February 15, 2020

ST506 hard drives

ST506 is a specific interface to an MFM hard drive. There were 2 cables.
A 34 pin cable had control signals and could connect to 2 drives.
A 20 pin cable had "data" signals and one went to each drive. These drives date from 1980 to 1990. My Micropolis 1320 series manual is dated 1985. This was the defacto standard for 5.25 inch hard drive until some time in the 1990's.

The DREM is affordable (about 2x the price of David's emulator), but will not read a disk, which David's will do. They call it the only option, but that is only true I guess if you want an emulator that emulates both HD and floppies. This claim is somewhat ingenuous.

Control signals

All these signals are active low. In general these are "open collector" signals and expected a 220/330 terminator to be installed on the last drive.

All odd numbered pins on this cable are grounds.

H - indicates the signal comes from the host (the controller)
d - indicates the signal comes from the drive

2  - H - Head select 3 (or reduced write current)
4  - H - Head select 2
6  - H - write gate
8  - d - seek complete
10 - d - track 0
12 - d - write fault
14 - H - Head select 0
16 - - - reserved (key)
18 - H - Head select 1
20 - d - Index
22 - d - ready
24 - d - step
26 - H - drive select 0
28 - H - drive select 1
30 - H - drive select 2
32 - H - drive select 3
34 - H - direction in
A pulse on the "step" signal would move the heads in the direction given by the "direction in" line. Seek complete would go false on receipt of the first step pulse.

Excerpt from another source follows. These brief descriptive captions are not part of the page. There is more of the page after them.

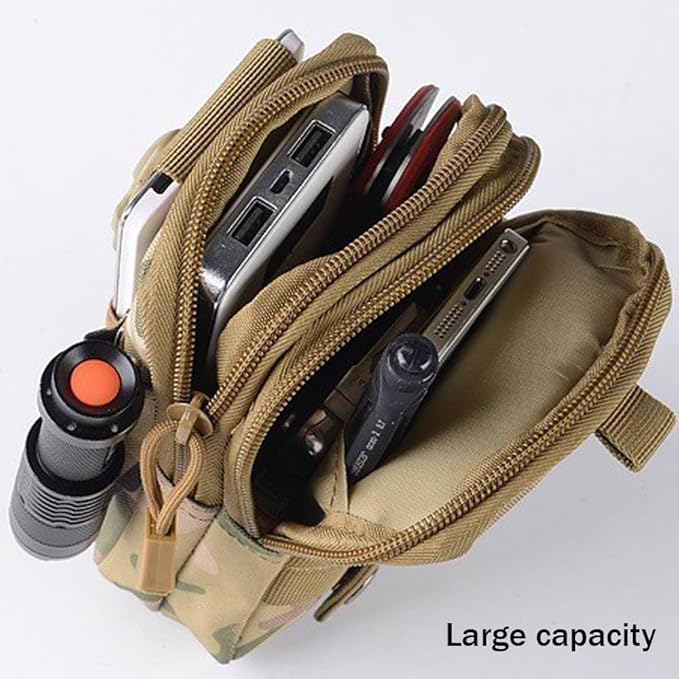 Outdoor Tactical Waist Bag Molle Pouch Military Hip Waist Compact Belt Bag Pouch Wallet Camping Phone Power Bank Camping Hiking Gear Tool Organizer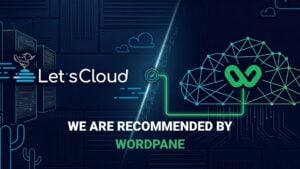 LetsCloud recommended by Wordpane cloud provider announcement with datacenter and network infrastructure illustration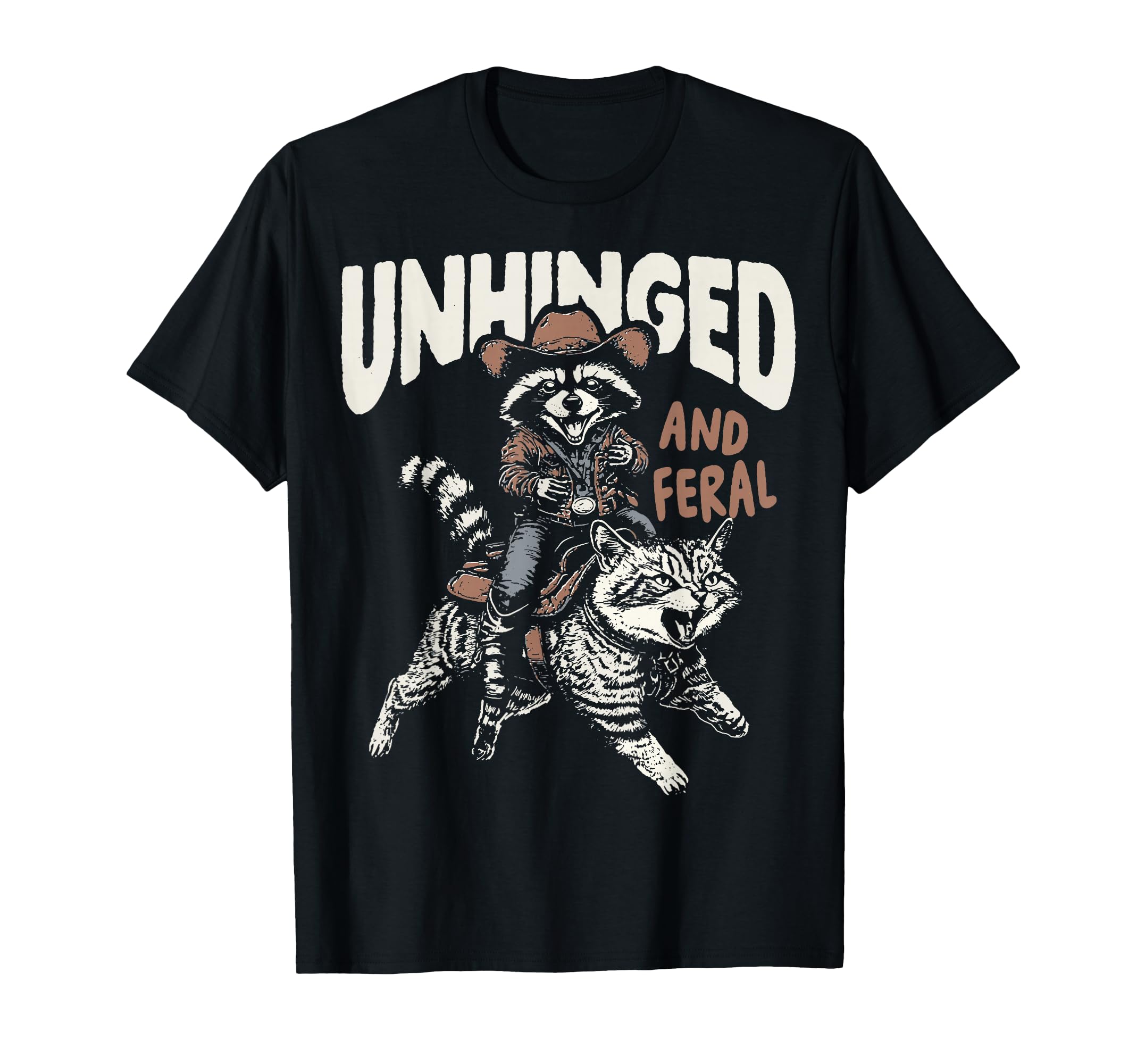 Funny Unhinged And Feral Raccoon T-Shirt - Novelty Apparel Men Women - T-Shirt, Sweatshirt, Hoodie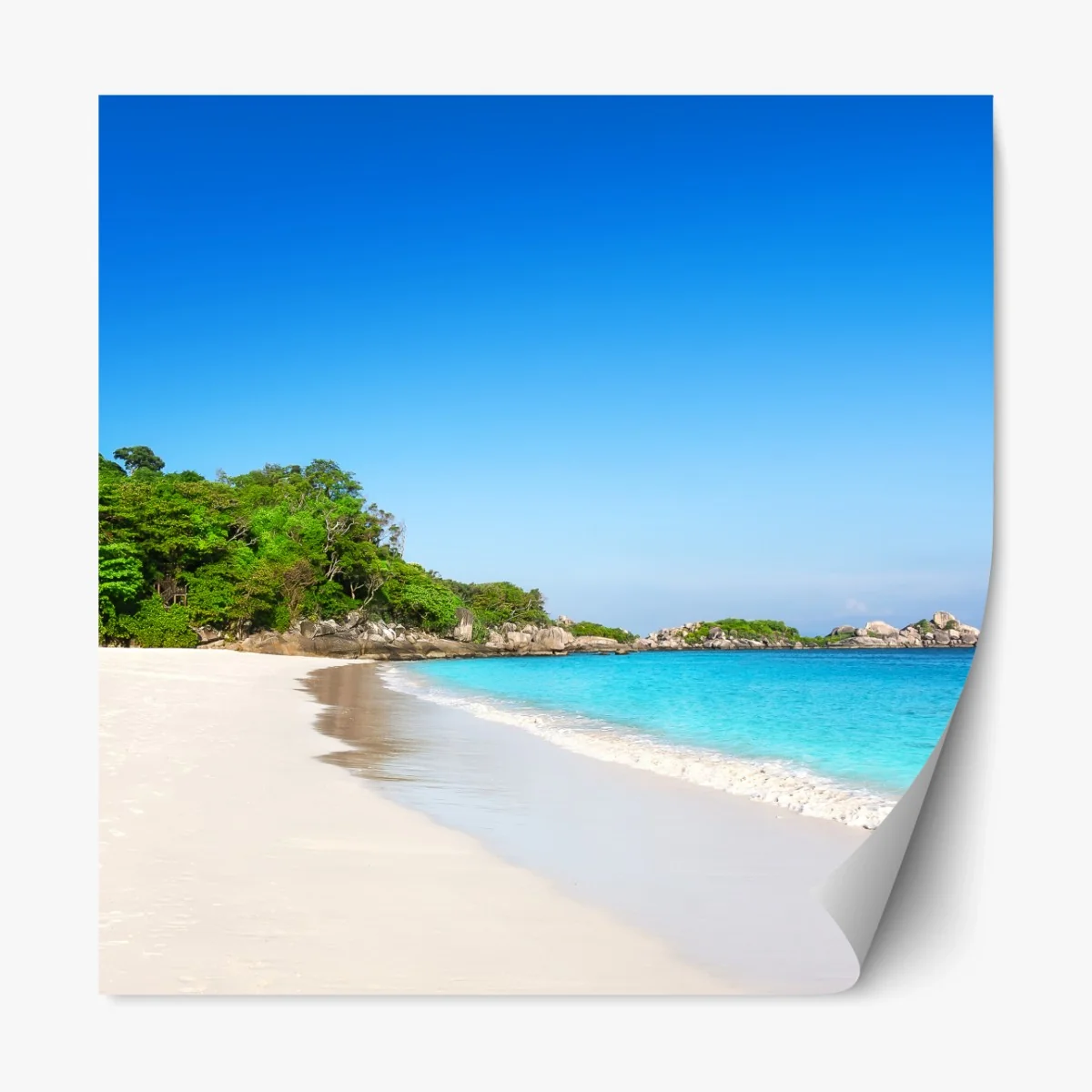 Repositionierbarer Aufkleber tropischer strand mit weißem sand – Wallnifity®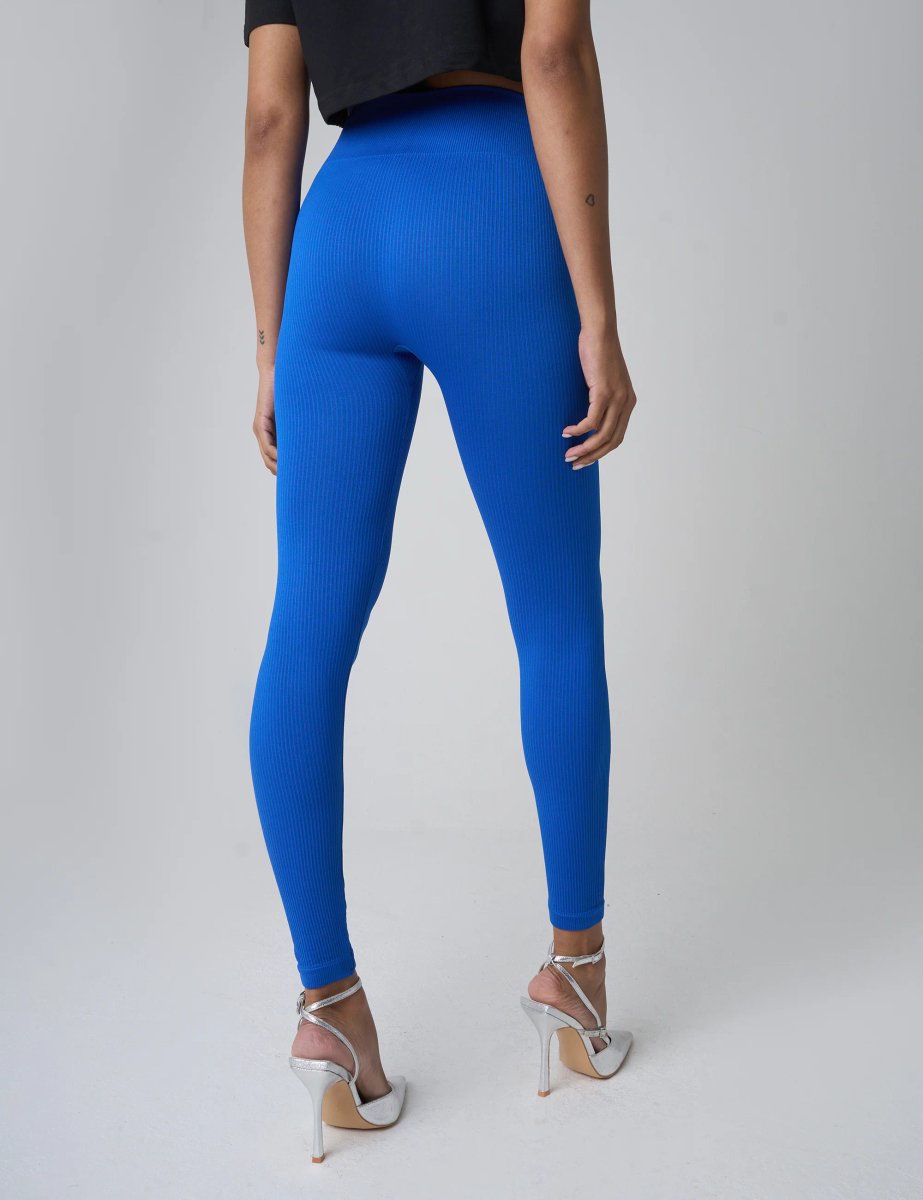 Public Desire Ribbed High Waisted Leggings Cobalt Blue - 3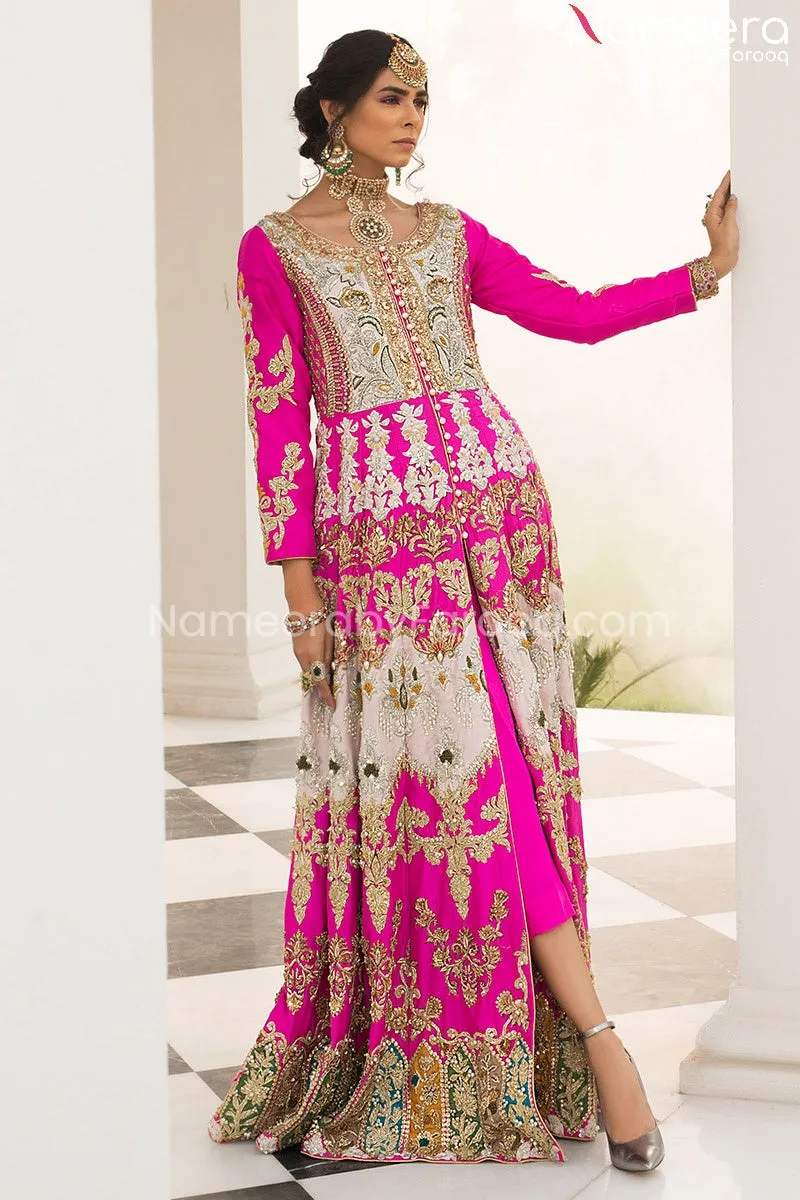 Magenta Color Dress Bridal in Pishwas Design #BS153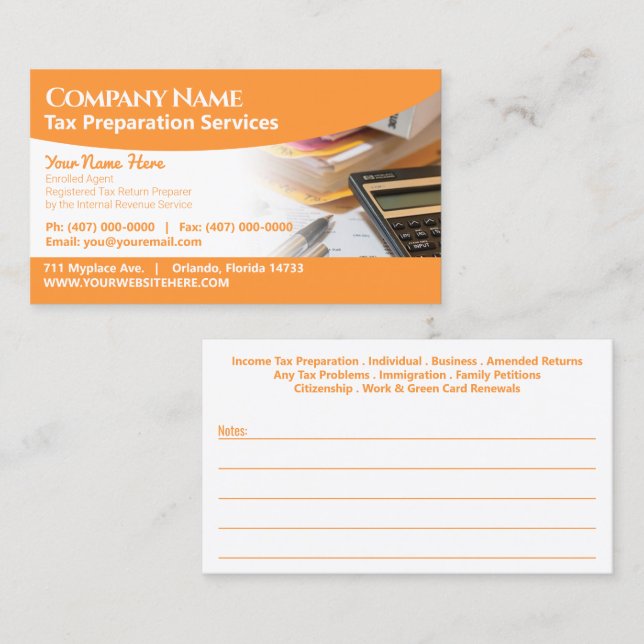 Tax Preparation (Preparer) Business Card (Front/Back)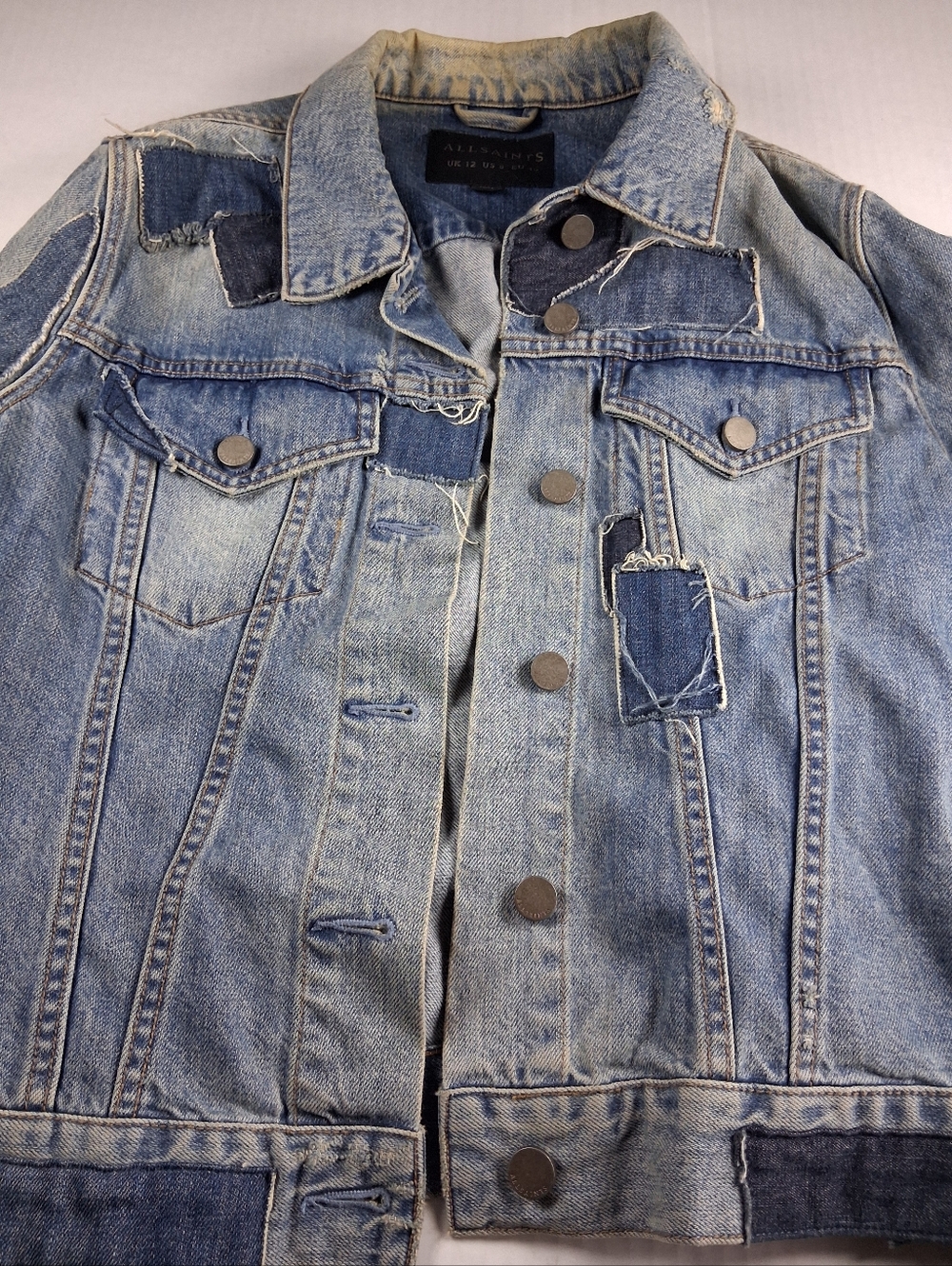 Allsaints Y2K Distressed Jean Jacket Womens Size U.S-8 - Picture 3 of 16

The four drive select signals allowed selection of one of four possible drives on a cable. Most systems I have seen only allowed 2 drives, and some only one. Jumpers on the drive would configure it to respond to one of these four signals.

Write gate would select either writing or reading.

Head select would select one of 8 heads (or of 16 heads on some later drives).

Write fault would indicate any condition that would prevent writing. The drive may not be up to speed, seek may have failed, heads may be shorted or open.

Track 0 indicates the heads are positioned on the outermost data track.

Index is true only briefly at one rotational position of the drive. It is true for 200 usec every 16.67 msec on a Micropolis drive. This is 60 Hz, so these drives must be spinning at 3600 rpm.

The drive recalibrates on power up. Seek complete and Ready will be false during this time. Once the drive is up to speed and heads on track 0, these signals will transition to true.

Data signals

Here most of the even numbered pins are grounds, but not all.
Once again, the drive selected signal is active low.
1  - d - Drive selected
3  - - - reserved
5  - - - reserved
7  - - - reserved
8  - - - key
9  - - - reserved
11 - - - ground
13 - H - Write Data +
14 - H - Write Data -
15 - - - ground
17 - d - Read Data +
18 - d - Read Data -
19 - - - ground
So here we really only have 3 signals. We have the "drive selected" signal from the drive, and we have data coming and going as differential pairs.

The drive selected signal goes true when the drive select commanded on the control cable matches the drive jumpers.